┌─ Records to use

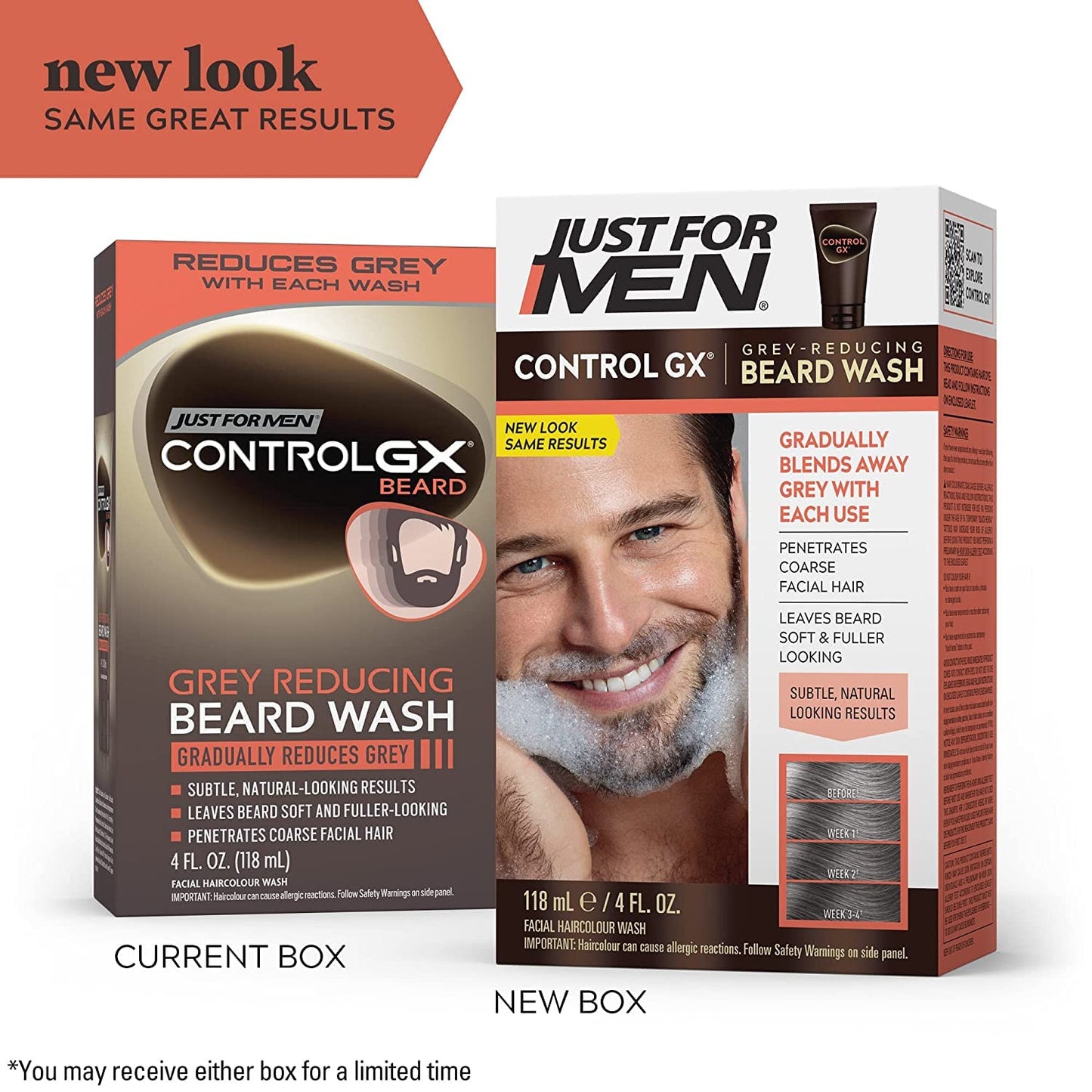 Just for Men, Controlgx Grey Reducing Beard Wash, 4 Oz
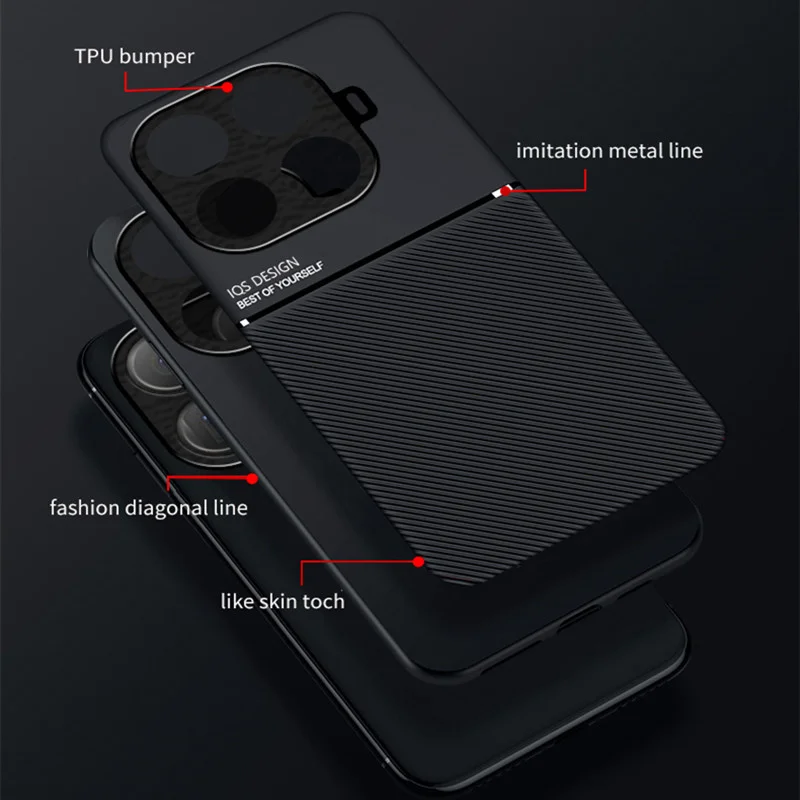 Magnetic Rugged Non-Slip Protective Case with Built-in Metal Plate
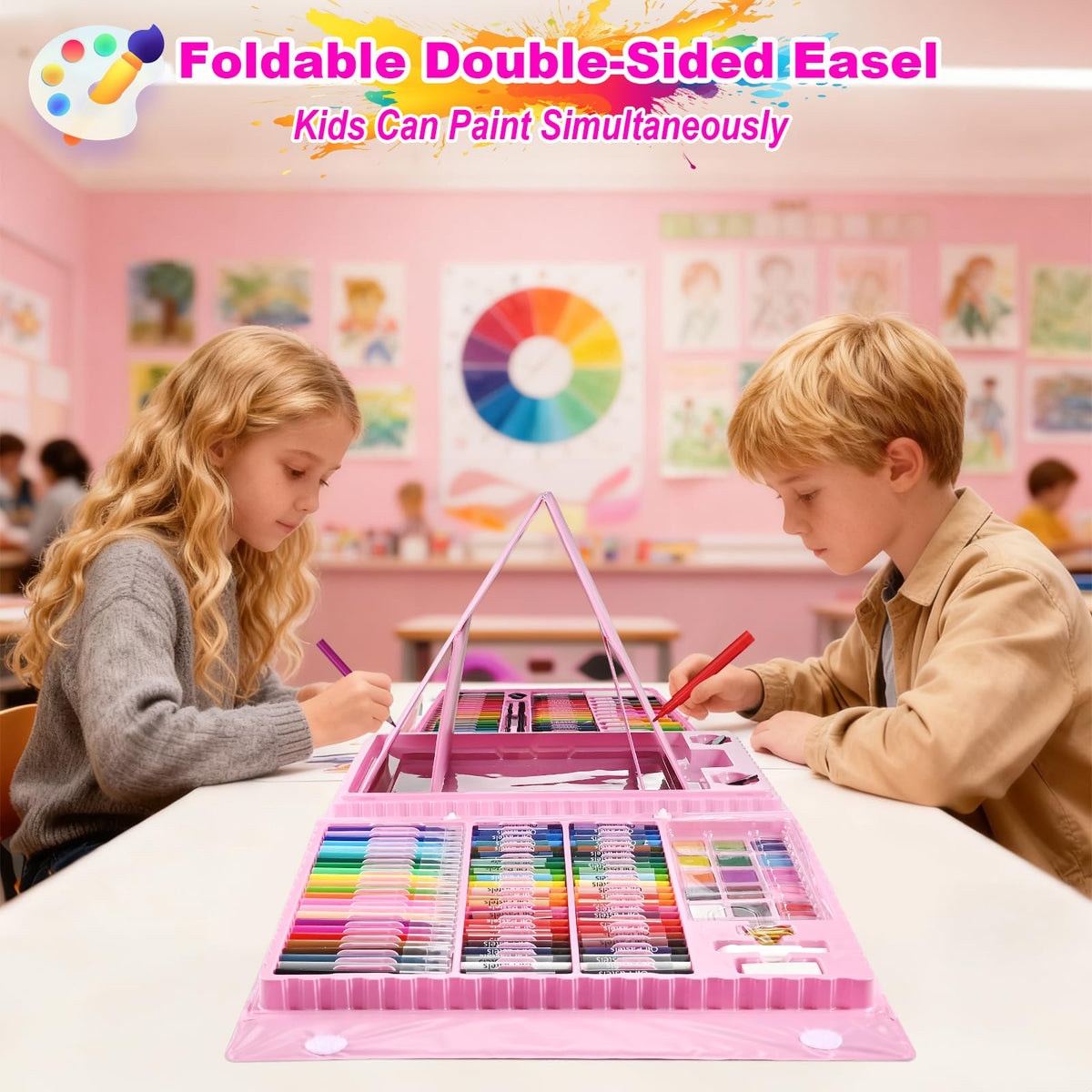 Goldge double-sided easel encourages family art time and shared projects.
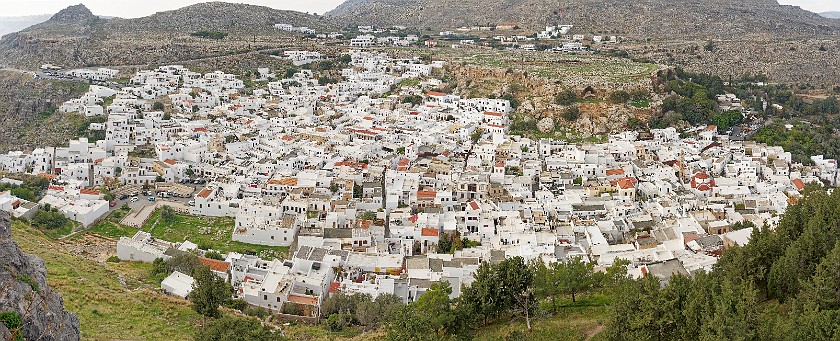 Lindos, Rhodes. Panoramic view of the village . Lindos. .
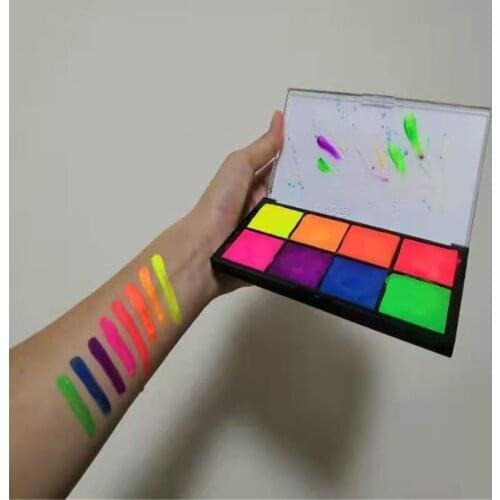 8-Color Face Painting Fluorescent Palette Water Based Customized Logo Party Safety Pigment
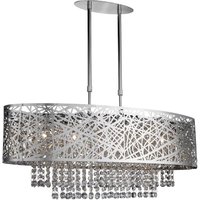 5 Light Adjustable Ceiling Pendant Bar Chrome with Crystals, G9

└─

> _How to complete this task_: Omit every picture, then write out the entries above exactly.

> _Finished exercise_:
 Just for Men, Controlgx Grey Reducing Beard Wash, 4 Oz
 Magnetic Rugged Non-Slip Protective Case with Built-in Metal Plate
 Goldge double-sided easel encourages family art time and shared projects.
 Lindos, Rhodes. Panoramic view of the village . Lindos. .
 8-Color Face Painting Fluorescent Palette Water Based Customized Logo Party Safety Pigment
 5 Light Adjustable Ceiling Pendant Bar Chrome with Crystals, G9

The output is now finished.